Explain the formation of bays and headlands (6 marks)

Some areas of coast, such as the 90 kilometer Purbeck coastline on the South coast of England are known as discordant coastlines. This means they have bands of rocks with alternating resistance, in layers perpendicular to the shore. The more resistant bands of Portland Limestone are interspersed with less resistant Eocene clay. Erosive processes are more noticeable in the less resistant rock type, which erode at a greater rate, leaving the more resistant rocks protruding out as headlands, and the more eroded, less resistant rock in bays that have retreated further from the initial coastline. This is known as differential erosion. As the waves hit the headland, they refract around it and concentrate the energy of the orthogonal waves (perpendicular to the wave crest direction) onto the sides of the headland.
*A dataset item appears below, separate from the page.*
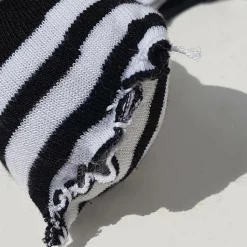 GRAINE CRÉATIVE - Doudou à faire soi-même - josé le zèbre, chaussette à coudre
This not only further erodes the headland but also decreases the energy reaching the bays, hence bays experience little wind or wave energy and thus erosion. An example is the exposed coast from Durlston Head to White Nothe, and the sheltered Poole Bay. Because the headlands are eroding, and the bays are not, they become level again and the coast returns to its straight profile. The processes of erosion continue, and the bays become more exposed again eroding at a relatively faster differential rate. Much like a gorge this feature means over time the headlands and bays protrude and retreat, with a resultant erosion.